TASK PROMPT → Return the data below in full and exactly, except that the pictures are dropped.

DATA BLOCK →
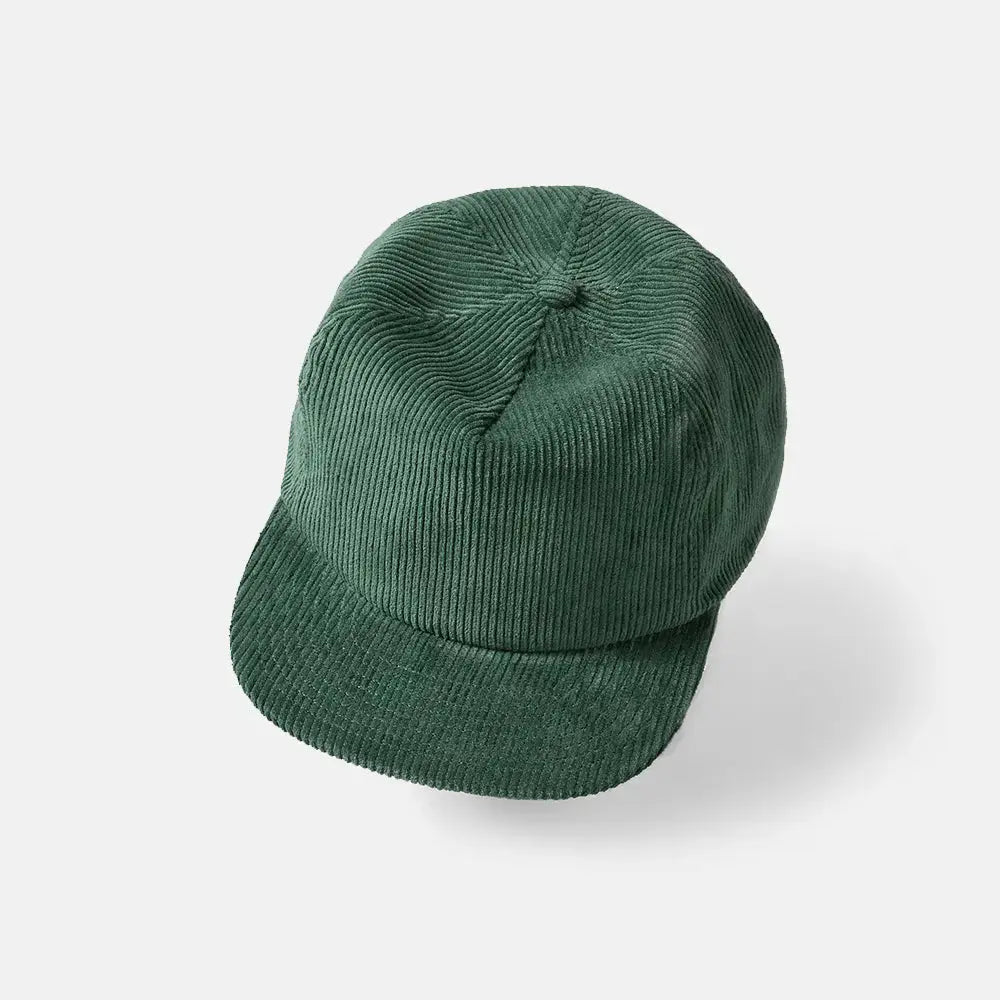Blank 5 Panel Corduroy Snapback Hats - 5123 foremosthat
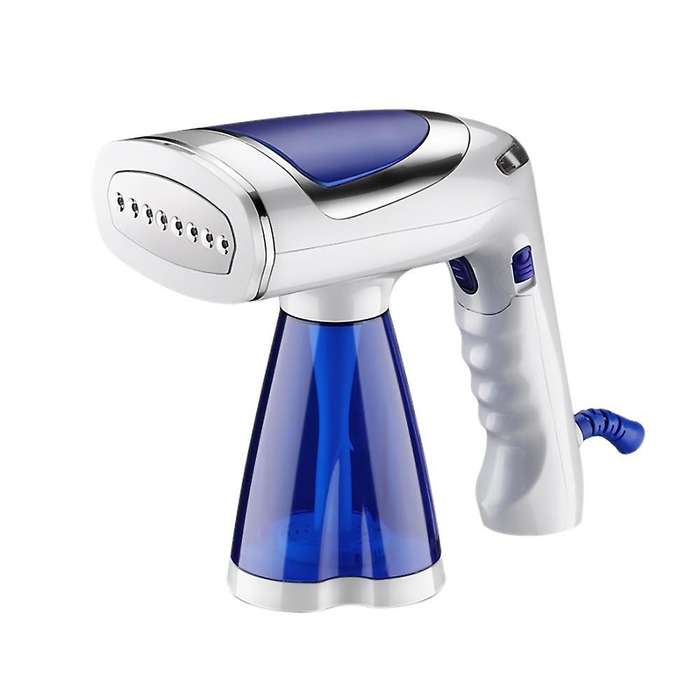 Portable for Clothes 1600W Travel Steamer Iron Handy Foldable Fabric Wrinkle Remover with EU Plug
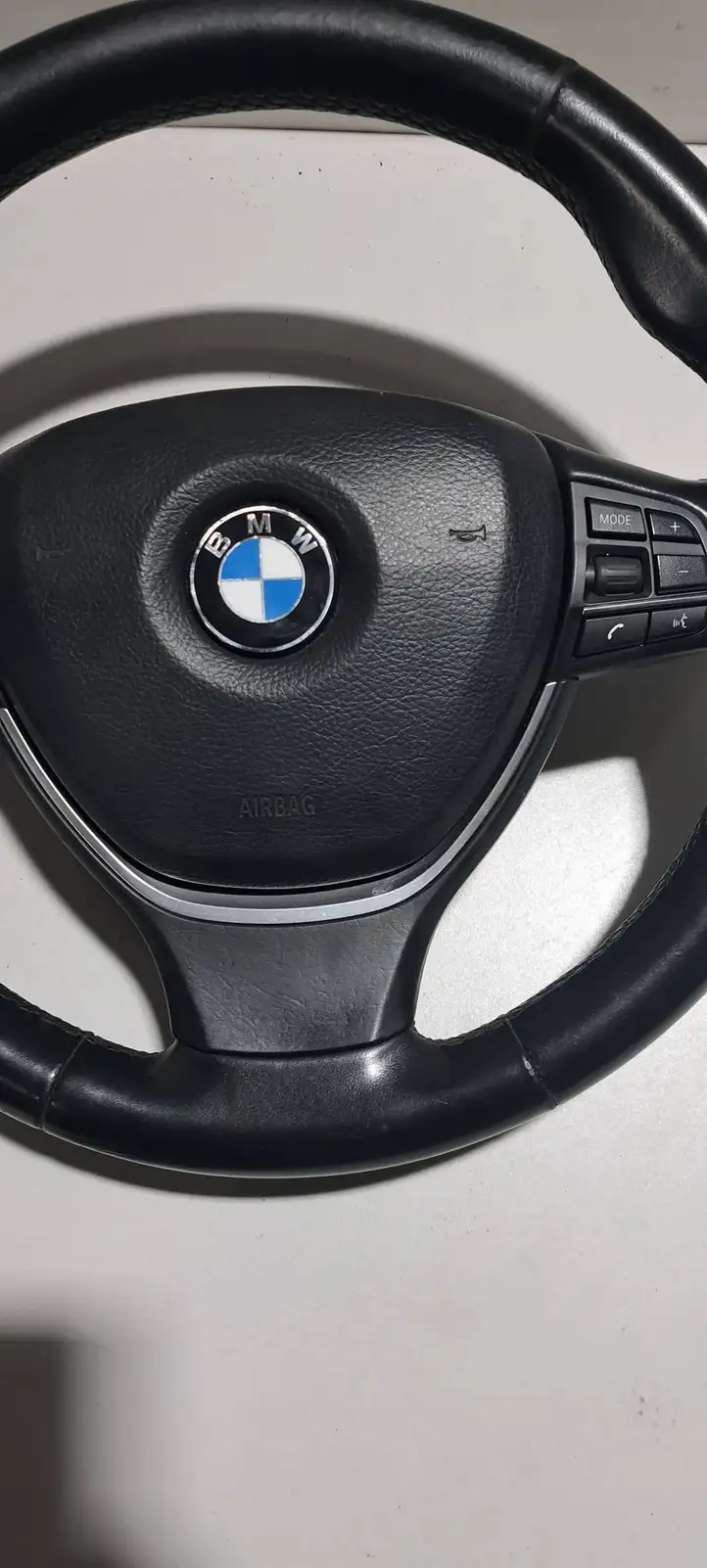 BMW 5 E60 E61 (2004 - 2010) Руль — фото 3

OUTPUT FOR THIS EXERCISE →
Blank 5 Panel Corduroy Snapback Hats - 5123 foremosthat
 Portable for Clothes 1600W Travel Steamer Iron Handy Foldable Fabric Wrinkle Remover with EU Plug
 BMW 5 E60 E61 (2004 - 2010) Руль — фото 3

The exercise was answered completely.